W.R. Grace, a leading provider of refining technologies, and Pacific Northwest National Laboratory (PNNL) are co-leading an effort to accelerate the development of technologies that enable the processing of bio-oils in petroleum refineries. The ability to leverage existing petroleum-refining infrastructure to produce “drop-in” biofuels (biofuels that can substitute readily for gasoline, conventional diesel fuel, and jet fuel) brings significant potential for reducing the cost of biofuels. The goal of the project is to establish co-processing “biogenic refinery feedstocks” with the appropriate fossil-based petroleum stream, implemented using existing infrastructure. The team is complemented with Tesoro for refinery operation, Aston University and VTT for pyrolysis technologies, materials compatibility is led by Oak Ridge National Laboratory, and Los Alamos National Laboratory completes the team for biogenic carbon stream analysis.
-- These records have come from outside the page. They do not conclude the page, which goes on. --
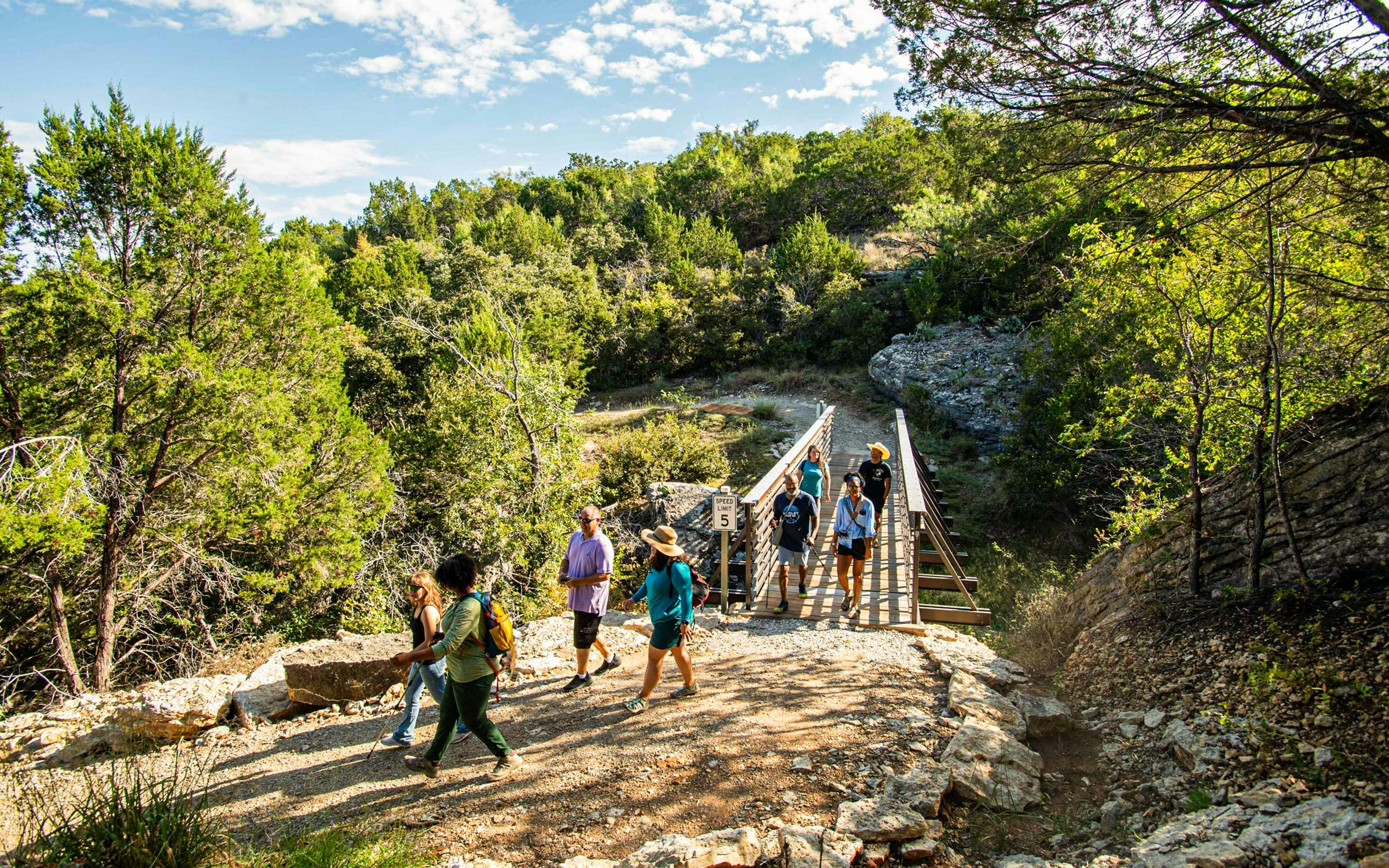 Pinot Parks Palo Pinto Mountains State Park Is Finally Open After 15 Years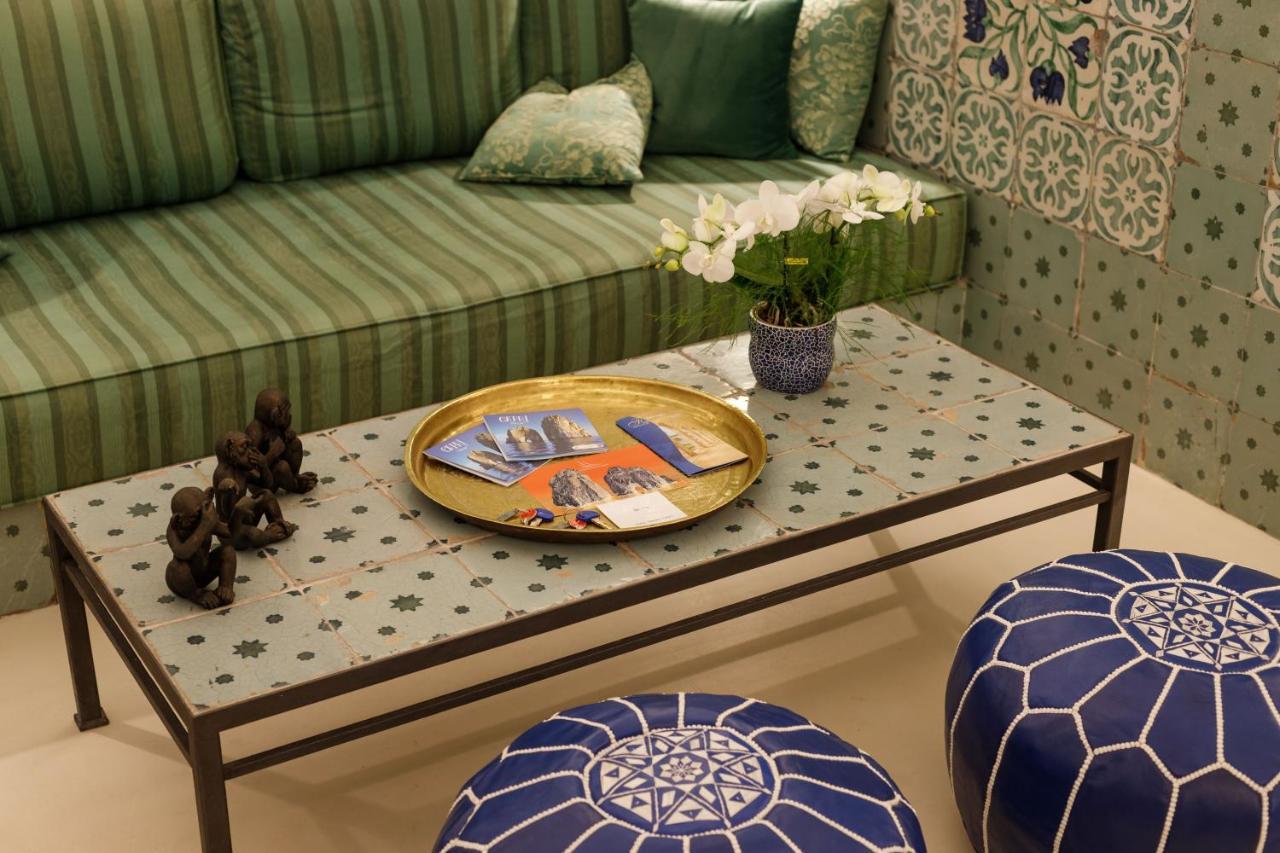 Qasar Luxury Suite - In Capri'S Piazzetta エクステリア 写真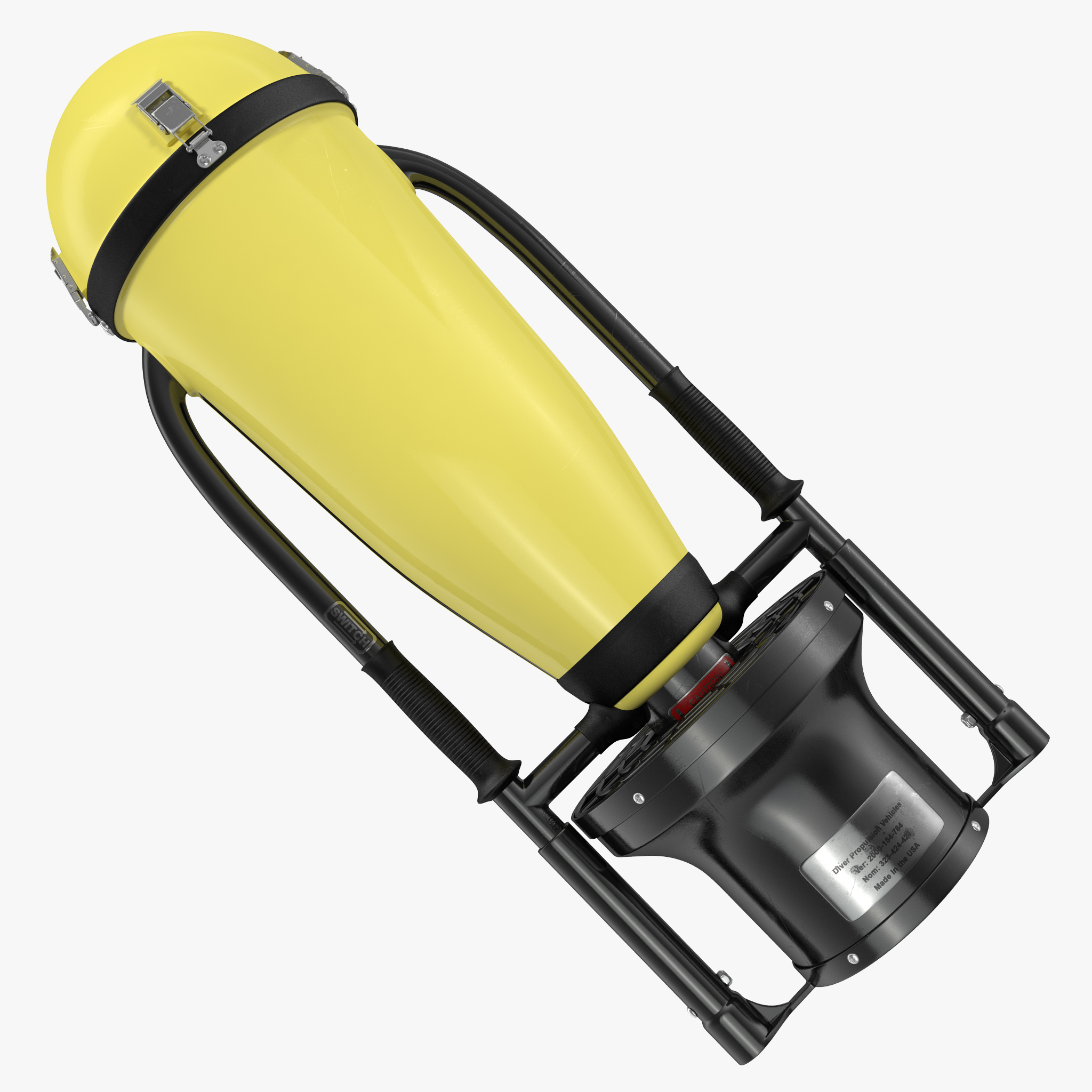Diving Electric Sea Scooter, view 3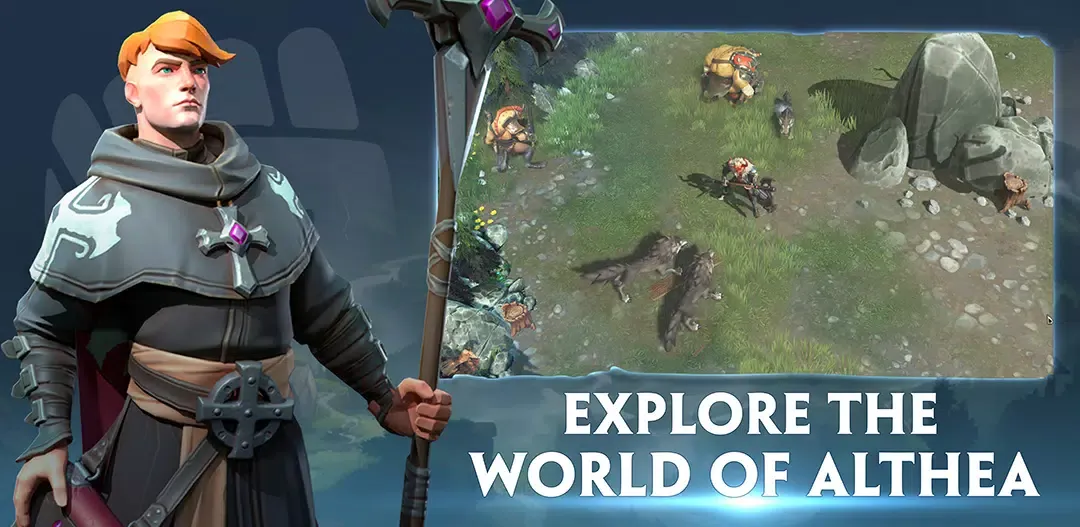 World Eternal應用截圖
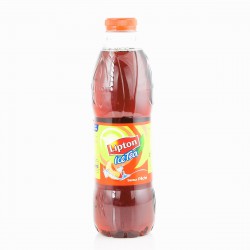 Bouteille Pet 1L Ice Tea Peche Lipton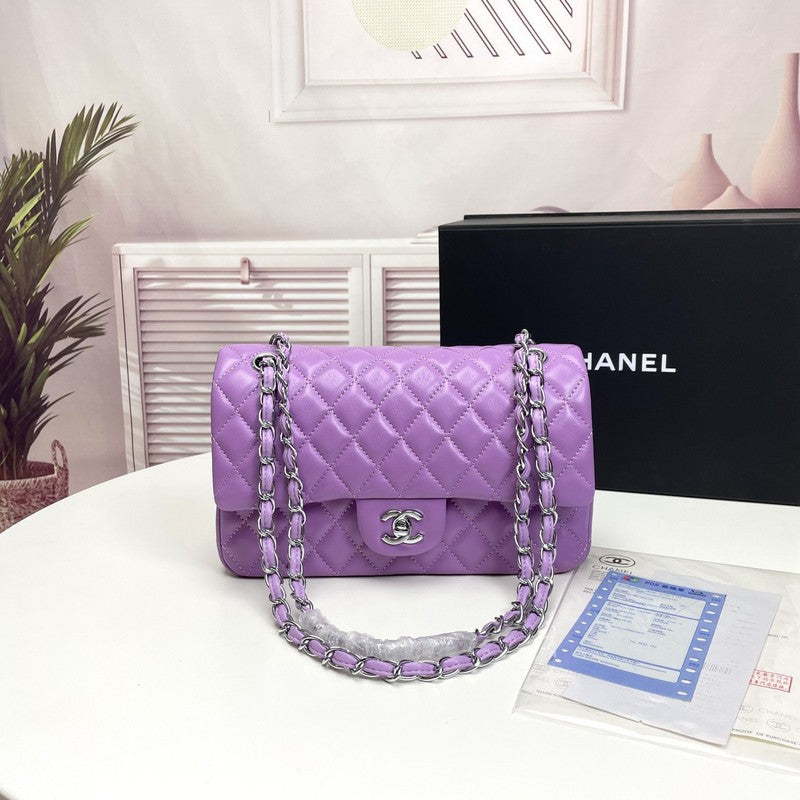 XCP18 Leather bag 25.5-15-7.5CM for women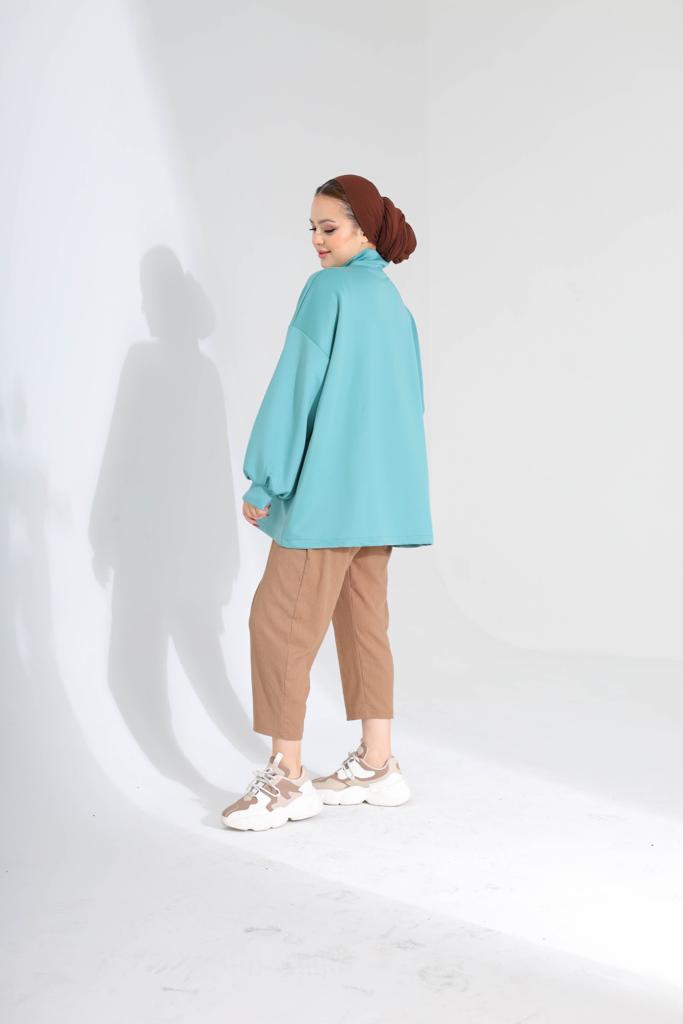 Zipper sweater - HANGER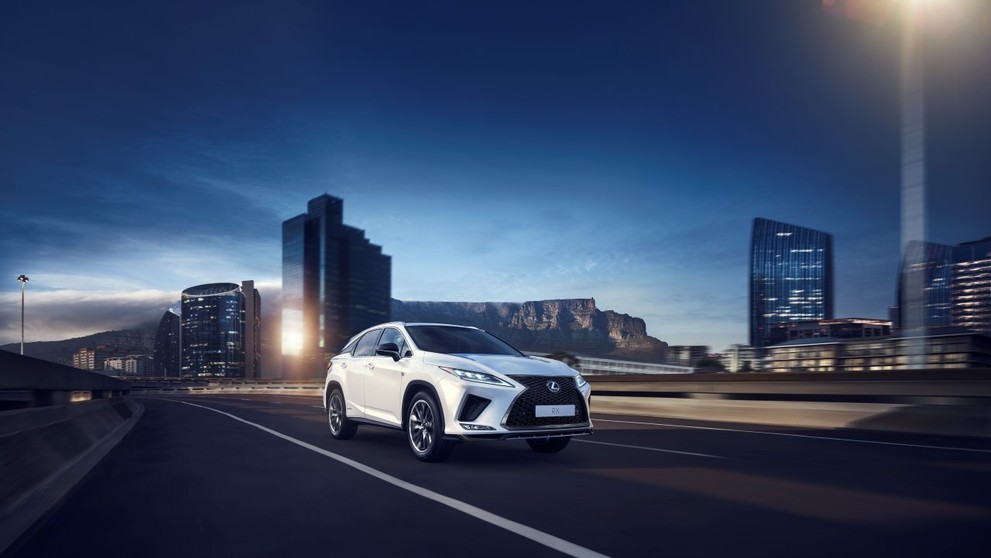 Nový Lexus RX - 27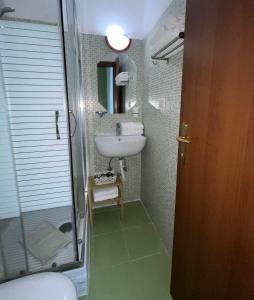 Kúpeľňa v ubytovaní Guest House Meret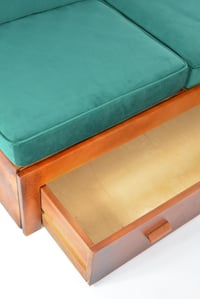 Image 5 of Day Bed ex RDA vert canard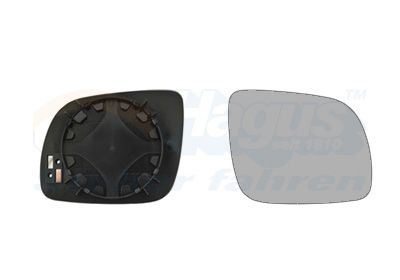 VAN WEZEL 5888832 Mirror glass, exterior mirror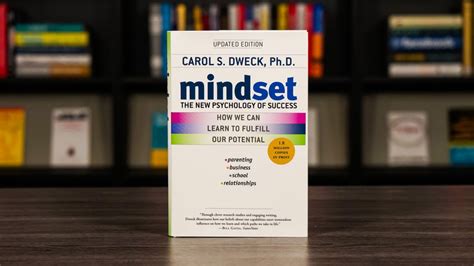 Mindset by Carol S. Dweck Book Summary - Rick Kettner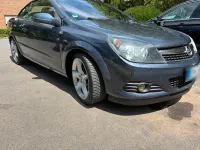 Gebraucht Opel Astra 116 PS (85 kW) 2006 Blau Cabrio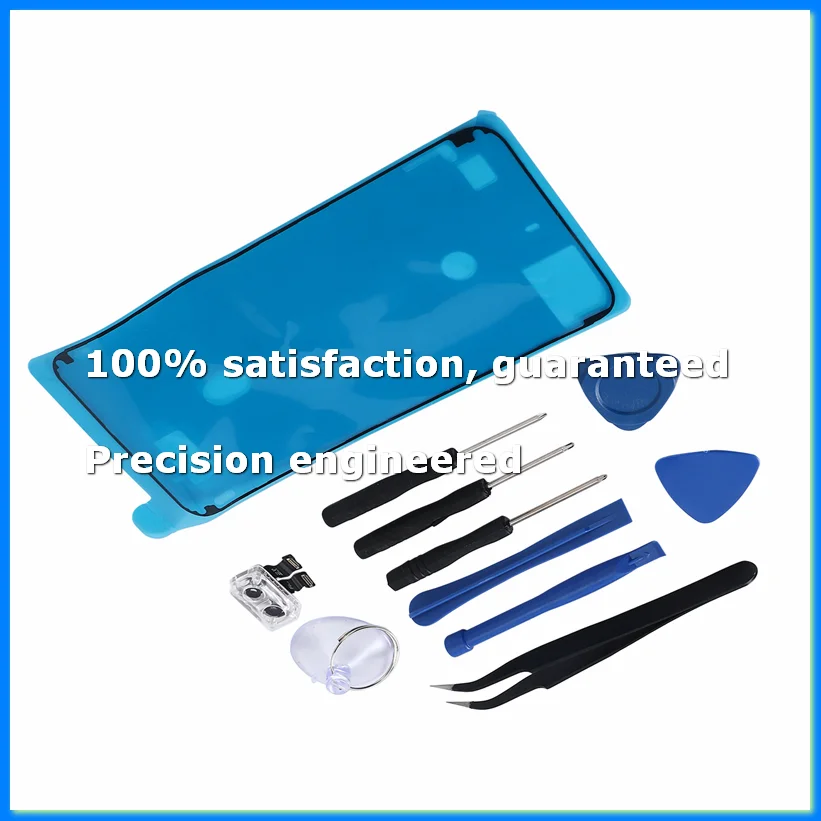 Rear Facing Camera Back Camera Main Camera Replacement for 7 Plus 7P with Repair Tools-A69M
Fluid catalytic cracking (FCC) is the “heart” of the refinery. It is one of the most flexible processes readily adjusting to feed quality. W. R. Grace is a pioneer of FCC development, and W. R. Grace’s Davison Circulating Riser Reactor is the leading technology for pilot-scale research. In the research, it will optimize the catalyst(s) and conditions for co-processing fast pyrolysis oil, (raw and stabilized) with vacuum gas oils to obtain high-quality data to demonstrate control of product selectivity without impairing production rate or final output of the petroleum refinery operation. Co-processing in the 110 FCC domestic units in operation today could account for 8 billion gallons of biobased fuel content in fuels having a direct impact on the Energy Independence and Security Act of 2007 renewable fuel standards.

Positive Impact

Lowering biofuel costs through refinery integration. PNNL and collaborators are working to establish a bio-oil refining process that uses existing petroleum refinery infrastructure. Expertise on refinery integration is brought to the project by W.R. Grace and Tesoro. 

Locations

Washington, Maryland, Tennessee, New Mexico

Partners

W.R. Grace, Tesoro, VTT, Oak Ridge National Laboratory, Los Alamos Laboratory, Aston University, Pacific Northwest National Laboratory

EERE Investment

$3.5 million

Clean Energy Sector

Sustainable transportation

The Bioenergy Technologies Office (BETO) works with a broad spectrum of industrial, academic, agricultural, and nonprofit partners across the United States to develop and deploy commercially viable, high-performance biofuels, bioproducts, and biopower from renewable biomass resources in America to reduce our dependence on imported oil. 

The Office of Energy Efficiency and Renewable Energy (EERE) success stories highlight the positive impact of its work with businesses, industry partners, universities, research labs, and other entities.